WHAT THE TASK REQUIRES → Set down all of the entries word for word, omitting the images they contain.

┄┄┄┄┄┄

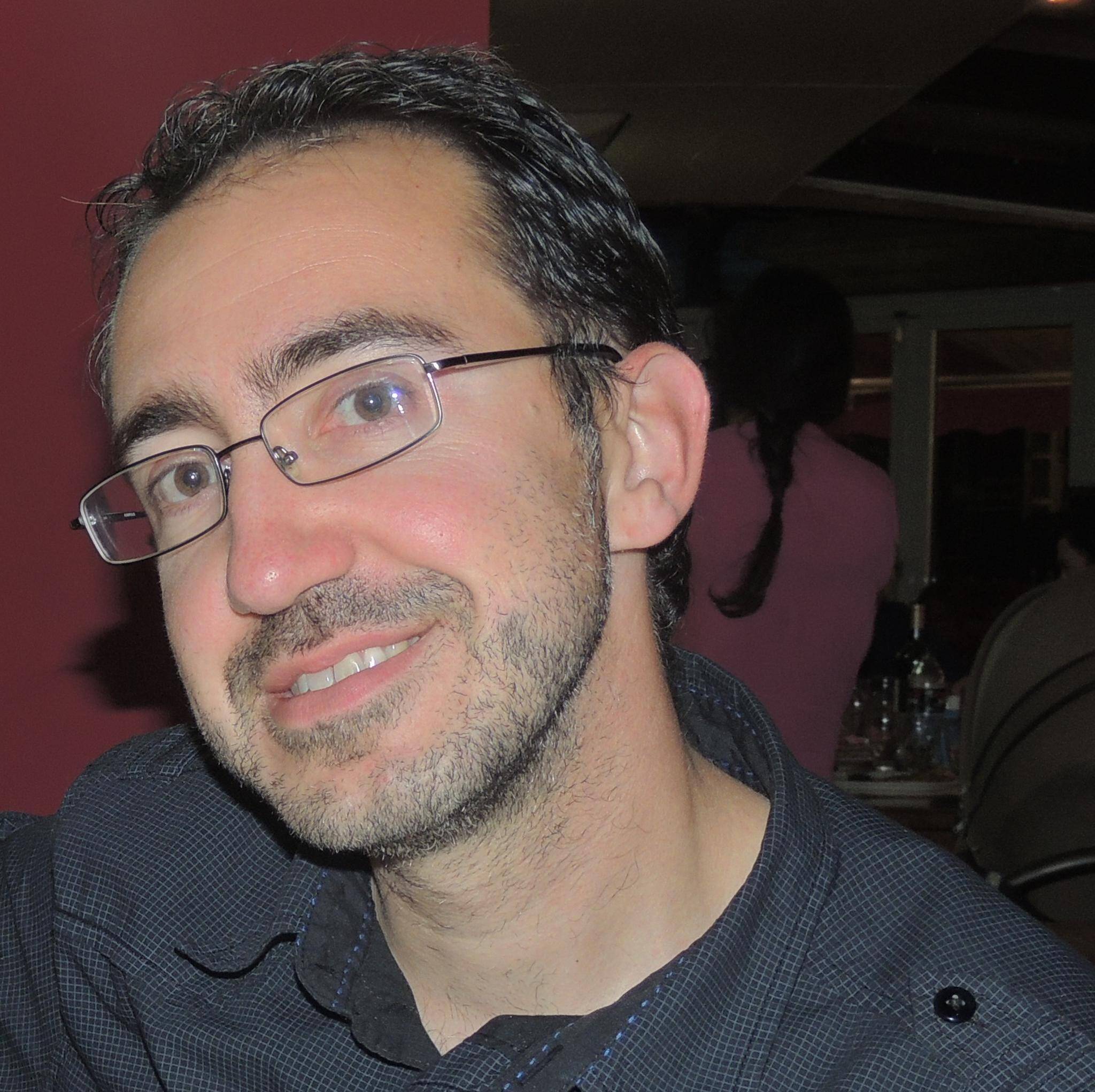 Nicolas S.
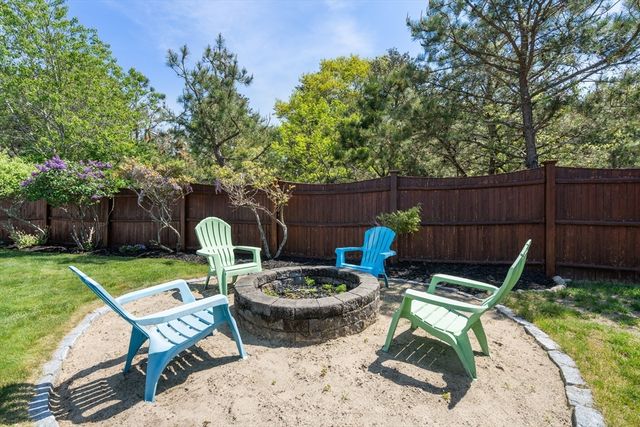 1 Lynne Cir, Plymouth, MA 02360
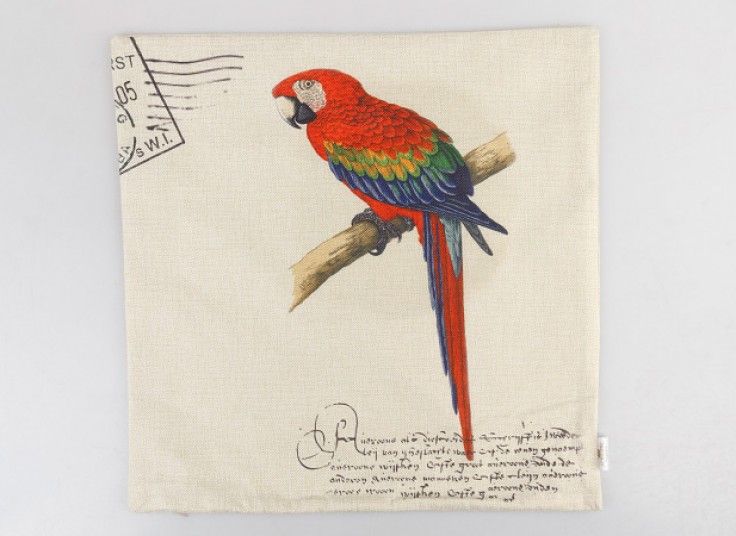 کاور کوسن طرحدار LC Waikiki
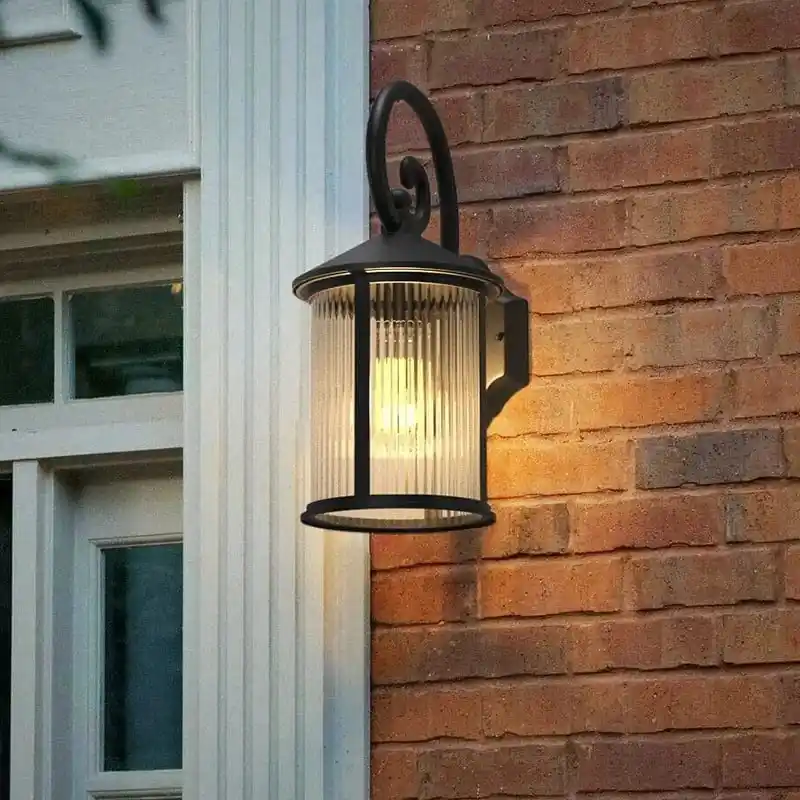 Applique murale extérieure étanche de style européen rétro pour jardin de villa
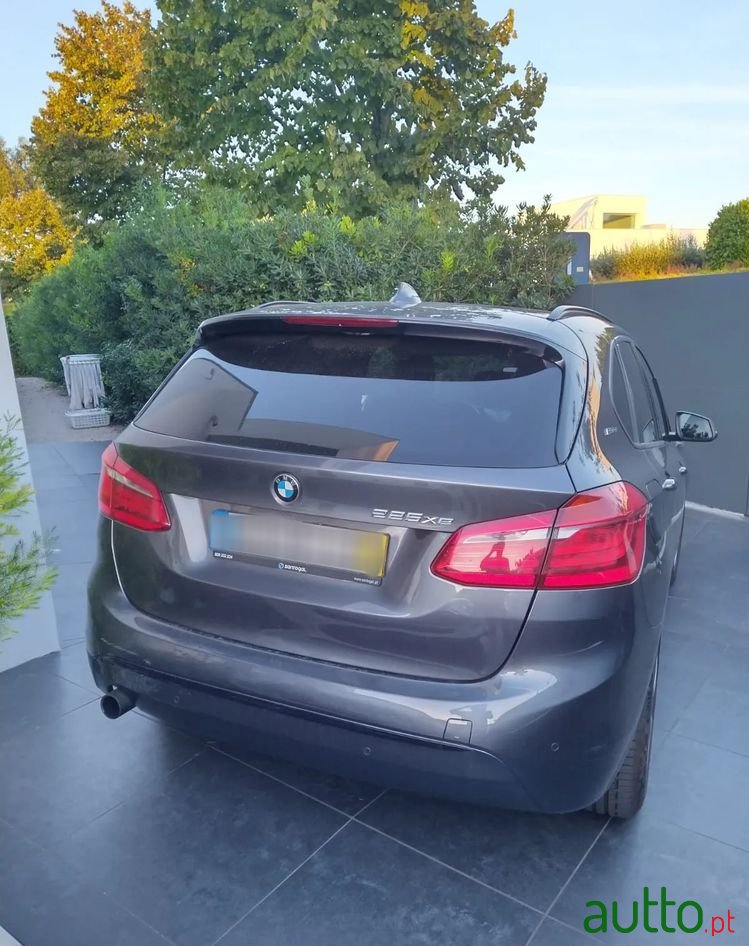 2016' BMW 225Xe Active Tourer photo #3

┄┄┄┄┄┄

ANSWER BELOW →
 Nicolas S.
 1 Lynne Cir, Plymouth, MA 02360
 کاور کوسن طرحدار LC Waikiki
 Applique murale extérieure étanche de style européen rétro pour jardin de villa
 2016' BMW 225Xe Active Tourer photo #3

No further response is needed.